- TSMC is already constructing its first foundry in a joint venture with Sony, in Japan
- Japanese chip-making equipment manufacturers in Japan continue to invest heavily in the sector despite global chipmakers cutting down on capex.
Taiwan Semiconductor Manufacturing Co Ltd (TSMC) has reportedly started the construction of a second chip factory in southwestern Japan with an estimated investment of $7.4 billion (1 trillion yen).
Japan’s Nikkan Kogyo newspaper reported the news first.
At its last quarterly earnings call in January, TSMC CEO, CC Wei announced that the company was considering building a second plant in Japan. The company did not elaborate on the statement.
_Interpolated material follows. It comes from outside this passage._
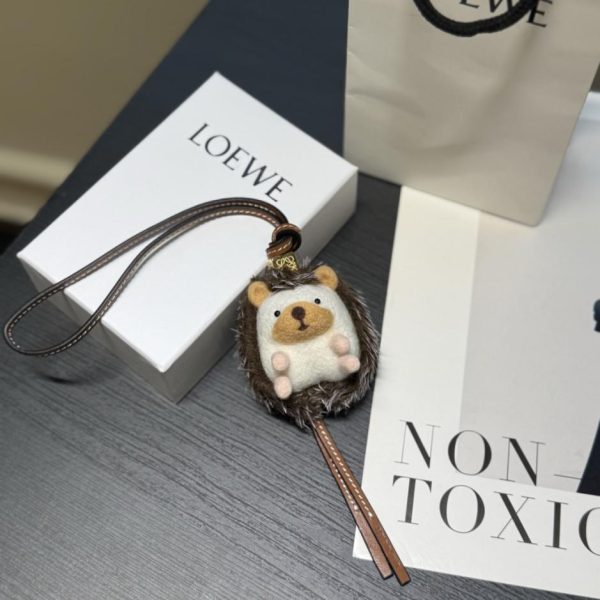 designer,replica,clothing,fake,1:1,lv,luxury,high quality New Arrival: Loewe Hedgehog Felt and Cowhide Leather Pendant (5A2SBI)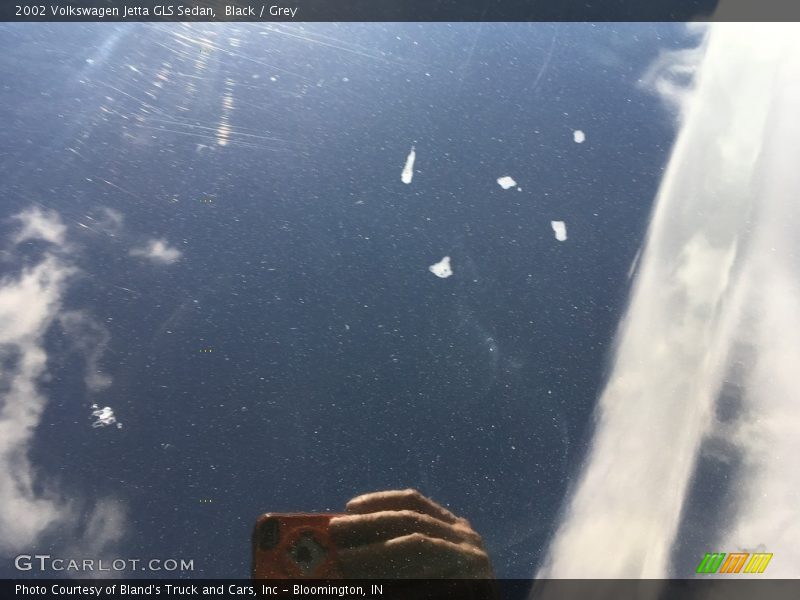 Black / Grey 2002 Volkswagen Jetta GLS Sedan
Wei had then said that another Japan operation would be under consideration as long as “demand from customers and the level of government support makes sense.” He had reiterated the comments at other news conferences as well.
TSMC is already constructing its first foundry in Japan in Kumamoto Prefecture, on Kyushu island. The foundry will begin the production of 12 and 16-nanometre semiconductors next year.
TSMC’s project is a joint venture with Sony worth $8.6 billion (1.1 trillion yen).
While chip manufacturers around the world are scaling back on capital expenditure amid a global economic slowdown, chip-making equipment manufacturers in Japan have remained largely bullish and continue to build factories and bolster investment in the sector.
Last year Kyocera, a Kyoto-headquartered electronics manufacturer, announced that they will expand investment in semiconductor-related production, while V Technology, which designs machinery for the chip industry, opened a new factory and research centre in Yokosuka, Kanagawa Prefecture.
The Japanese central government is actively encouraging its domestic semiconductor companies to expand overseas. In November 2021, officials announced an aim to increase their annual semiconductor revenue to more than $114 billion (13 trillion yen) by 2030.